Nietzsche returned to Pforta to undergo his last examinations. He all but failed to pass; and, indeed, in mathematics he did not obtain the required number of marks. But the professors, overlooking this inadequacy, granted him his diploma. He left his old school, and left it with pain. His mind easily adjusted itself to the places where it lived, and clung with equal force to happy memories and to melancholy impressions.

The break-up of the school was a prescribed ceremony. The assembled students prayed together for the last time; then those who were about to leave presented their masters with a written testimony of gratitude. Friedrich Nietzsche’s letter moves one by its pathetic and solemn accent. First he addresses himself to God: “To Him who has given me all, my first thanks. What offering should I bring Him, if not the warm gratitude of my heart, confident of His love? It is He who has permitted me to live this glorious hour of my life. May He, the All-Bountiful, continue to watch over me.” Then he thanks the King, “through whose goodness I entered this school...; him and my country I hope one day to honour. Such is my resolve.” Then he speaks to his venerated masters, to his dear comrades, “and particularly to you, my dear friends: what shall I say to you at the instant of parting? I understand how it is that the plant when torn from the soil which has nourished it can only take root slowly and with difficulty in a foreign soil. Shall I be able to disaccustom myself to you? Shall I be able to accustom myself to another environment? Adieu!”

These long effusions were not enough, and he wrote, for himself alone, certain lines in which they are repeated:

“So be it—it is the way of the world:

Let life deal with me as with so many others:

They set forth, their frail skiff is shattered,

And no man can tell us the spot where it sank.

Adieu, adieu! the ship’s bell calls me,

And as I linger the shipmaster urges me on.

And now to confront bravely waves, storms, reefs.

Adieu, adieu!...”


CHAPTER II

~

YEARS OF YOUTH

IN THE MIDDLE OF OCTOBER, 1862, Nietzsche left Naumburg for the University of Bonn, accompanied by Paul Deussen, his comrade, and a cousin of the latter. The young people did not hurry. They made a halt on the banks of the Rhine. They were gay, a little irresponsible even, in their sudden enjoyment of complete liberty. Paul Deussen, to-day a professor at the University of Kiel, tells us of those days of exuberant laughter with all the satisfaction of a very good bourgeois who brightens up at the memory of his far-off pranks.

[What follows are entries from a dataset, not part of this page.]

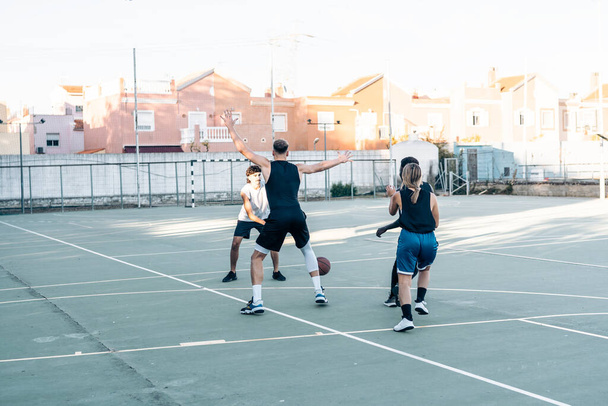 Four friends playing basketball together in an outdoors court - 写真・画像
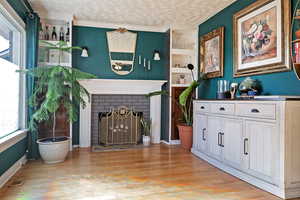 Interior space with a brick fireplace, a textured ceiling, and light hardwood / wood-style floors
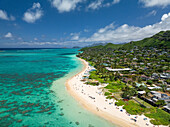 Aerial view of beautiful Lanikai beach with turquoise ocean and lush mountains, Kailua, Hawaii, United States.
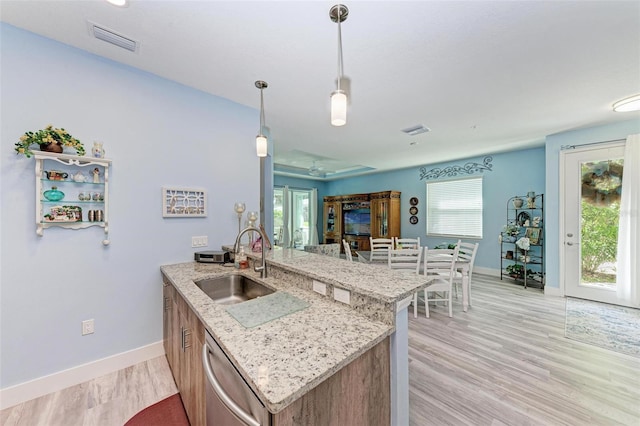 kitchen with pendant lighting, dishwasher, sink, a healthy amount of sunlight, and kitchen peninsula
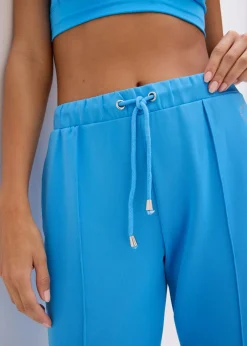 bonprix bonprix Pantalón deportivo con costuras decorativas azul brillante Outlet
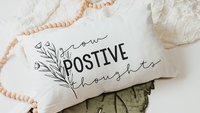 Grow positive thoughts throw pillow 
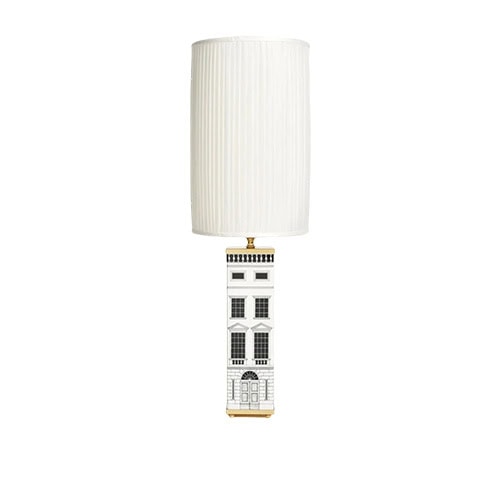 A tall lamp with a cylindrical pleated shade and an illustrated base inspired by classic architecture, bringing a whimsical yet sophisticated accent to modern interiors.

The three friends rode on horseback about the country-side. Nietzsche—perhaps he had appreciated too highly the beer supplied at the neighbouring inn—was less interested in the beauty of the landscape than in the long ears of his mount. He measured them carefully. “It’s a donkey,” he affirmed. “No,” replied Deussen and the other friend, “it’s a horse.” Nietzsche measured again and maintained, with praiseworthy firmness: “It’s a donkey.” They came back at the fall of day. They shouted, perorated, and generally scandalised the little town. Nietzsche warbled love songs, and girls, drawn by the noise to their windows and half-hidden behind curtains, peeped out at the cavalcade. Finally an honest citizen, who had left his house for the express purpose, cried shame on the roisterers, and, not without threats, put them back on the road to their inn.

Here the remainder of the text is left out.